Mais la controverse ressurgit encore régulièrement. Selon M. Ferhat, l'affaire de Creil représentait la première fois qu'on mélangeait "aussi étroitement laïcité et droit des femmes" et a fait naître, chez certains, l'idée que ce vêtement "rendrait la femme inférieure".

Un argument auquel a recours Laurent Bouvet, professeur de sciences politiques et cofondateur controversé du Printemps républicain, partisan d'une ligne ferme en matière de laïcité: "Couvrir la femme pour ne pas susciter le désir de l'homme... Il y a un côté inégalitaire dans ce port de voile", affirme-t-il.

Selon lui, "depuis 30 ans, le voile est devenu beaucoup plus visible dans la société française et dans certains quartiers".

S'ajoute à cela le fait que "depuis la révolution iranienne (en 1979, NDLR), se développent des formes fondamentalistes de l'islam, pour lesquelles la visibilité de la religion est un élément essentiel". "Ces deux phénomènes ont rendu le foulard plus polémique en soi. Il a acquis une sorte de valeur politique", dit-il.

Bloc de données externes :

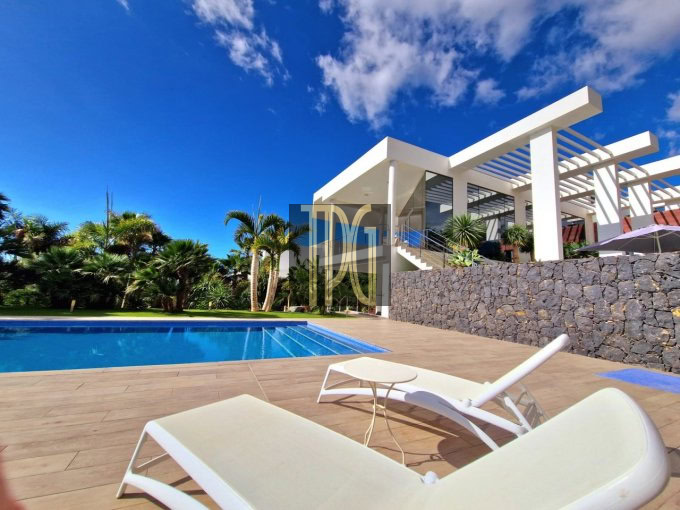 6 Bedroom Luxury Villa for sale in Adeje Golf, La Caleta, Adeje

- En 1905, des débats sur la soutane -

Le sociologue et philosophe Raphaël Liogier estime, lui, que les significations du voile sont "très diverses selon les âges et selon les décennies". Et dénonce une "vision univoque, fondée sur une conception faussée de la laïcité, consistant à dire que les femmes voilées seraient soit aliénées, soit des terroristes potentielles".

"C'est cet écart entre les deux qui crée la polémique", selon l'auteur de "Manifeste métaphysique", qui défend la thèse qu'il s'agit avant tout d'une expression spirituelle.

L'historien Philippe Portier, de l'Ecole pratique des hautes études, plonge dans l'histoire de la France pour expliquer les polémiques à répétition sur le voile, notamment l'héritage de "la colonisation et la décolonisation" pendant lesquelles s'est installée "l'idée qu'il fallait contrôler le culte musulman".

Plus récemment, depuis la fin des années 1990, "à chaque fois qu'il y a un attentat, la classe politique et, corrélativement, l'opinion publique, connaissent une bouffée de volonté sécuritaire et d'affirmation identitaire", note-t-il.

On observe alors "une montée en puissance de l'usage du thème de la laïcité", utilisé "non pas au sens libéral" mais "comme un instrument de totale marginalisation du religieux".

L'historien de la laïcité Jean Baubérot, auteur de "La loi de 1905 n'aura pas lieu", souligne que l'opposition laïcité libérale/laïcité autoritaire existait déjà au moment des débats préalables à la loi de 1905 sur la séparation des Eglises et de l'Etat. "La vision libérale d'Aristide Briand et de Jean Jaurès a triomphé".

Il rappelle aussi qu'avant le vote de ce texte emblématique, la question d'inclure l'interdiction du port de vêtements religieux avait été posée. Dans le collimateur à l'époque: la soutane.

Selon M. Baubérot, "les arguments avancés alors en faveur d'une interdiction présentent beaucoup d'analogie avec la période actuelle: +signification plus politique que religieuse+, +acte de prosélytisme+, +signe de soumission à la hiérarchie+". Mais ils n'avaient pas été retenus.